Detail When you assign elements in an array, the array itself is pushed onto the stack (newarr).
Next The index you are using in the array is pushed onto the stack (ldc), and the value you want to put into the array is pushed (ldloc).
class Program { static void Main() { char[] c = new char[100]; c[0] = 'f'; } }
.method private hidebysig static void Main() cil managed { .entrypoint .maxstack 3 .locals init ( [0] char[] c) L_0000: ldc.i4.s 100 L_0002: newarr char L_0007: stloc.0 L_0008: ldloc.0 L_0009: ldc.i4.0 L_000a: ldc.i4.s 0x66 L_000c: stelem.i2 L_000d: ret }
class Program { static void Main() { int[] i = new int[100]; i[0] = 5; } }
.method private hidebysig static void Main() cil managed { .entrypoint .maxstack 3 .locals init ( [0] int32[] i) L_0000: ldc.i4.s 100 L_0002: newarr int32 L_0007: stloc.0 L_0008: ldloc.0 L_0009: ldc.i4.0 L_000a: ldc.i4.5 L_000b: stelem.i4 L_000c: ret }
Stsfld. What is the stsfld instruction? This stores the value on top of the evaluation stack into a static field. We demonstrate this instruction.

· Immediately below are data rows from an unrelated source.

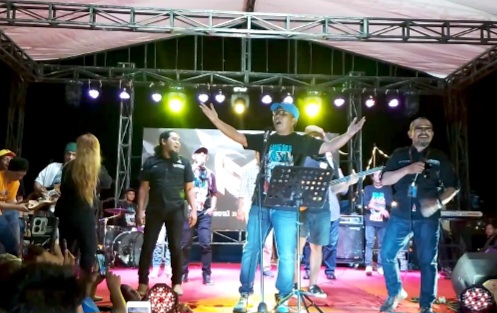 Anniversary LMMC 90s ke-3, Wali Kota Makassar Bawakan Lagu Slow Rock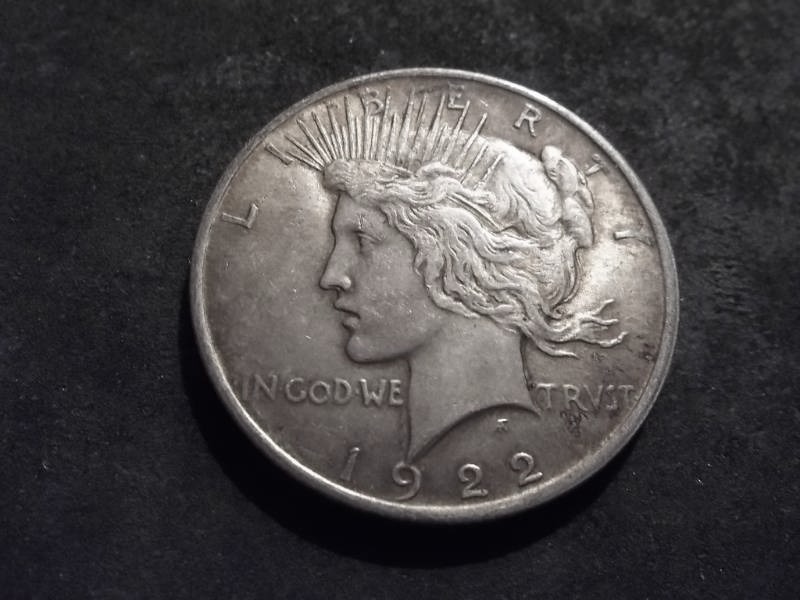 lot 74 image: 1922  Silver Peace Dollar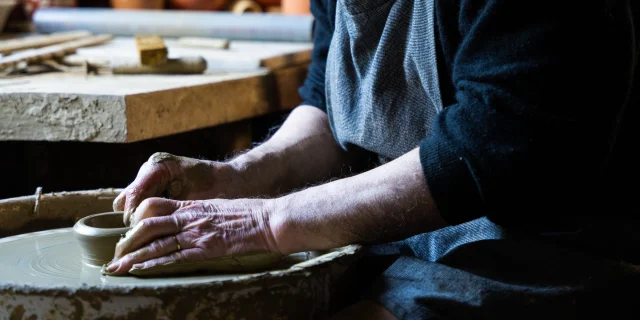 Le potier, Patrick Blandin, tourne des tasses en terre - Vallée de l'Ognon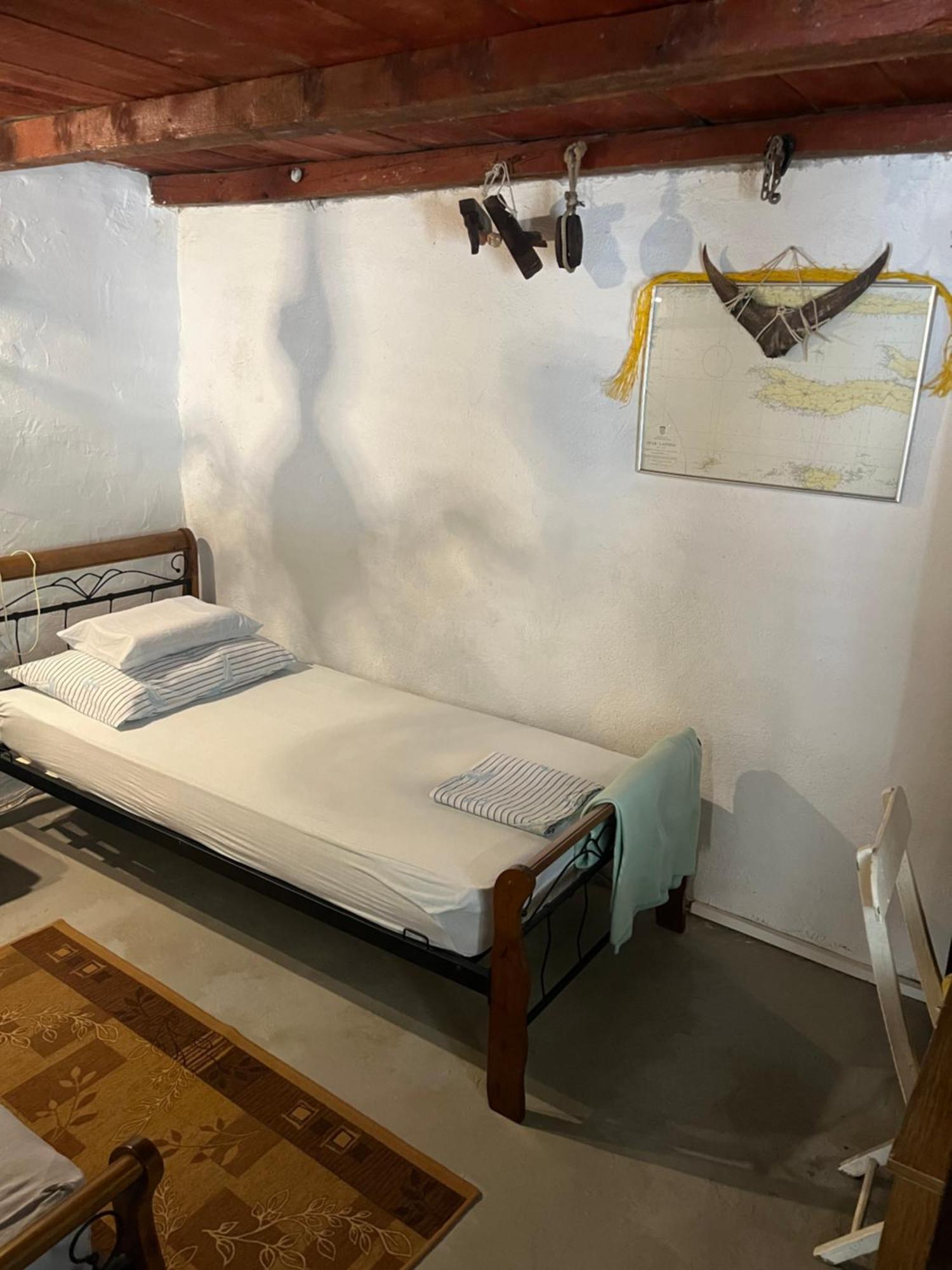 Holiday Home Stiniva Vis Bagian luar foto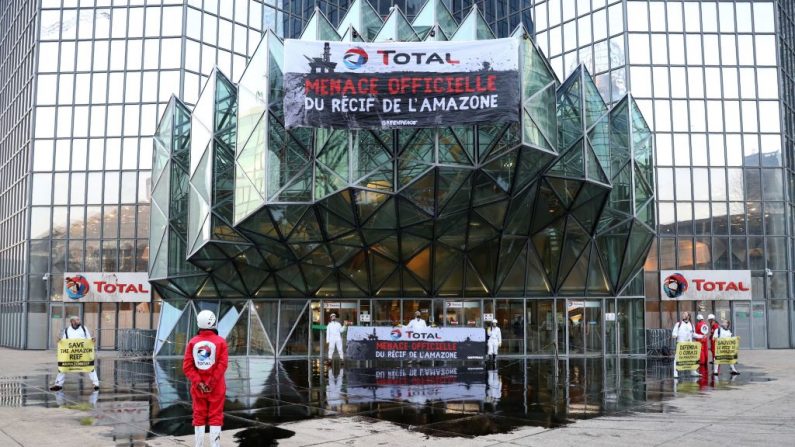 Activistes de Greenpeace dénonçant l'exploration pétrolière au Brésil devant les bureaux du géant français Total (Photo  de JACQUES DEMARTHON/AFP/Getty Images)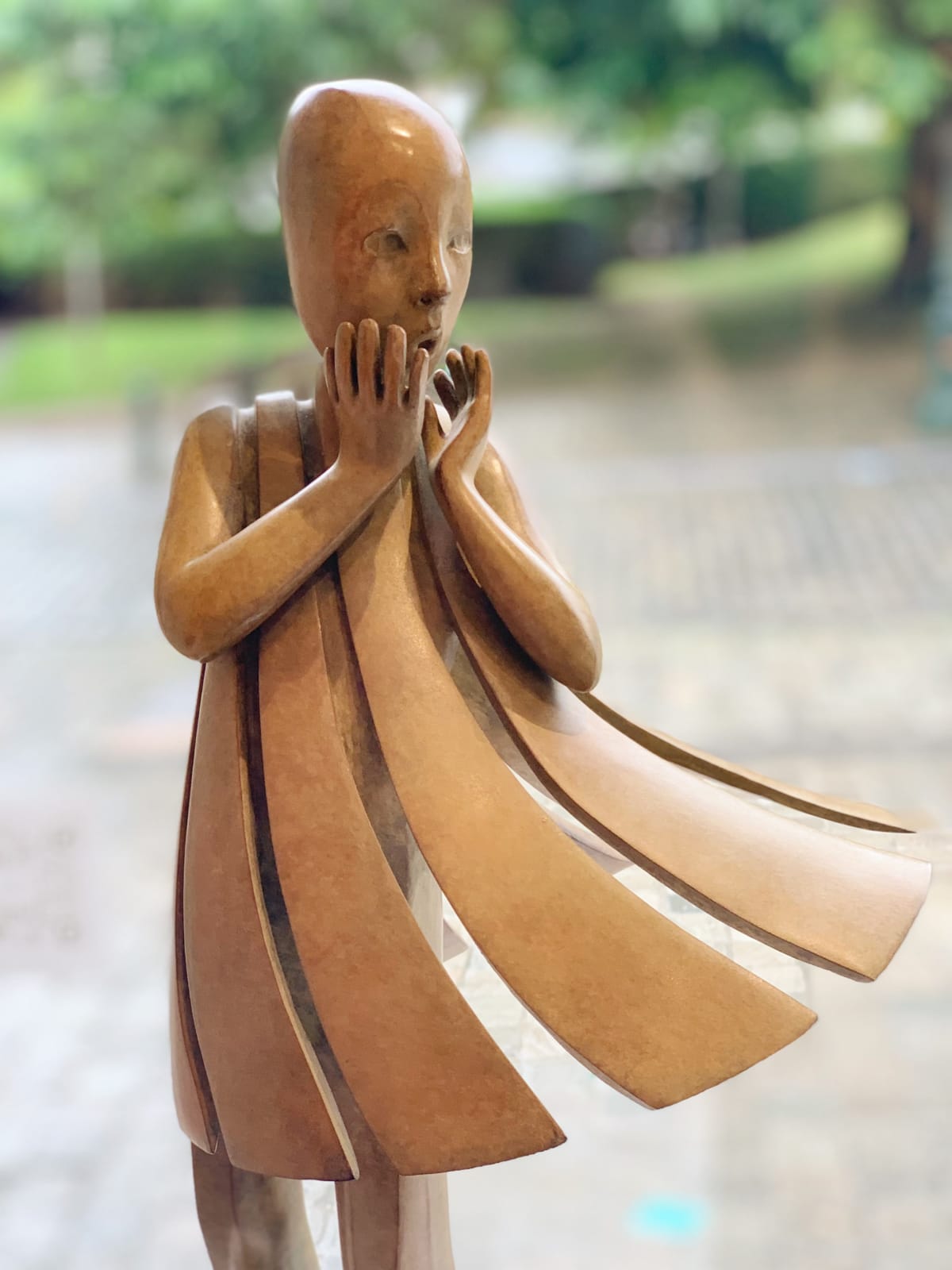 Angelo passa Isabel miramontes ragazza danzante scultura scultura monumentale scultura da giardino scultura contemporanea in bronzo una bella ragazza sorpresa del suo vestito che salta in aria per il vento Galleria Art Yi Galleria d'arte di Bruxelles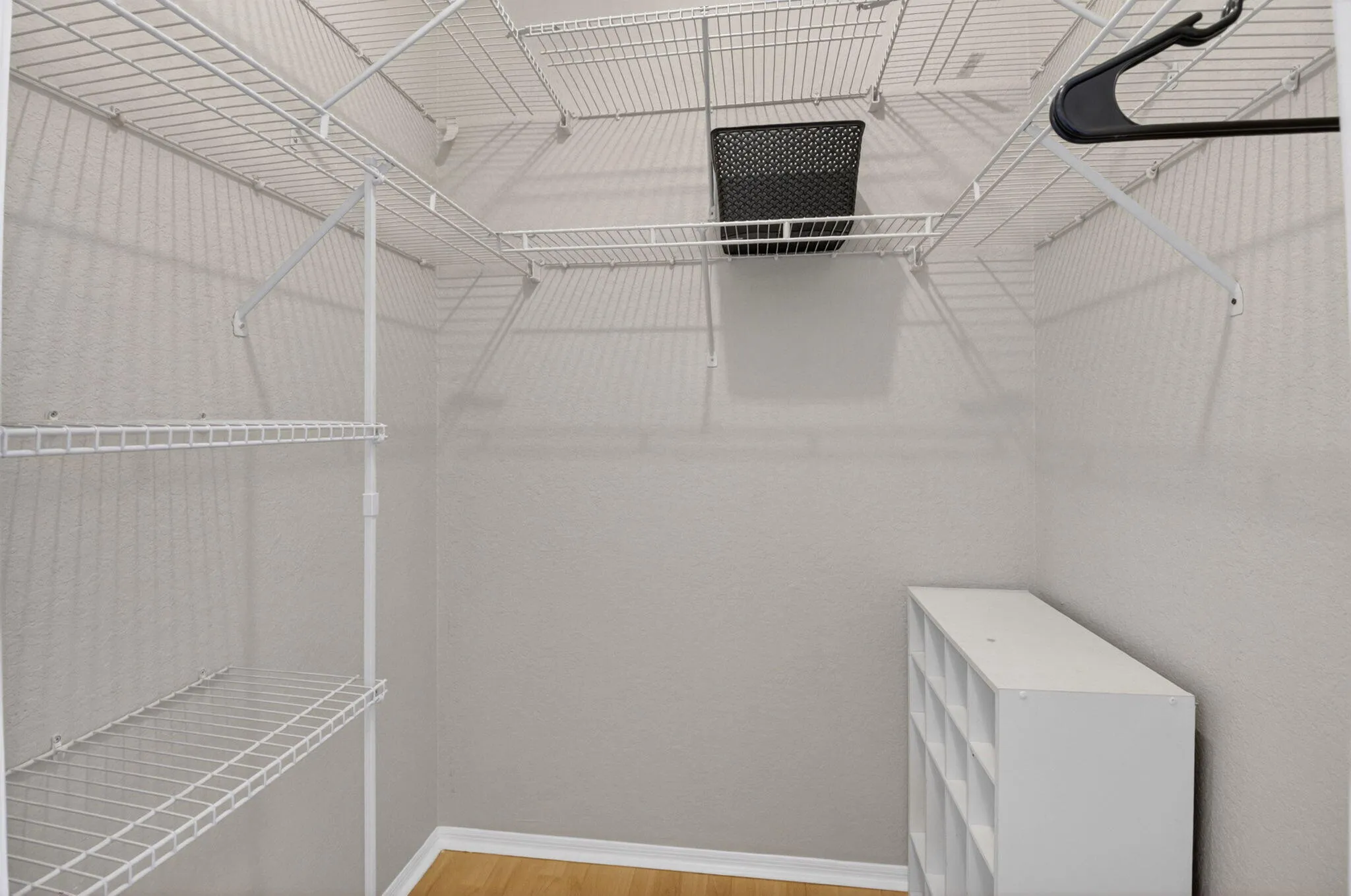 MASTER WALK-IN CLOSET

However In the intermediate language, we load a constant value 3 (ldc.i4.3) onto the top of the evaluation stack.
Then We have a stsfld with the argument being the address of _a. So the top value (3) is stored into the location pointed to by _a.
using System; class Program { static int _a; static void Main() { Program._a = 3; if (Program._a == 4) { Console.WriteLine(true); } } }
.method private hidebysig static void Main() cil managed { .entrypoint // Code size 21 (0x15) .maxstack 8 IL_0000: ldc.i4.3 IL_0001: stsfld int32 Program::_a IL_0006: ldsfld int32 Program::_a IL_000b: ldc.i4.4 IL_000c: bne.un.s IL_0014 IL_000e: ldc.i4.1 IL_000f: call void [mscorlib]System.Console::WriteLine(bool) IL_0014: ret } // end of method Program::Main
Switch. The switch instruction is implemented with a jump table. The switch keyword—in the C# language—is typically compiled to a switch instruction.
Detail In the intermediate language, we see the instruction switch (IL_0020, IL_0027, IL_002e).
Note Those three identifiers point to lines, which are underlined. So the switch jumps to locations.
using System; class Program { static void Main() { int i = int.Parse("1"); switch (i) { case 0: Console.WriteLine(0); break; case 1: Console.WriteLine(1); break; case 2: Console.WriteLine(2); break; } } }
.method private hidebysig static void Main() cil managed { .entrypoint // Code size 53 (0x35) .maxstack 1 .locals init ([0] int32 i, [1] int32 CS$0$0000) IL_0000: ldstr "1" IL_0005: call int32 [mscorlib]System.Int32::Parse(string) IL_000a: stloc.0 IL_000b: ldloc.0 IL_000c: stloc.1 IL_000d: ldloc.1 IL_000e: switch ( IL_0020, IL_0027, IL_002e) IL_001f: ret IL_0020: ldc.i4.0 IL_0021: call void [mscorlib]System.Console::WriteLine(int32) IL_0026: ret IL_0027: ldc.i4.1 IL_0028: call void [mscorlib]System.Console::WriteLine(int32) IL_002d: ret IL_002e: ldc.i4.2 IL_002f: call void [mscorlib]System.Console::WriteLine(int32) IL_0034: ret } // end of method Program::Main
A summary. The intermediate language is not needed every day. It usually goes without notice. But it opens up a new way of understanding what C# code does.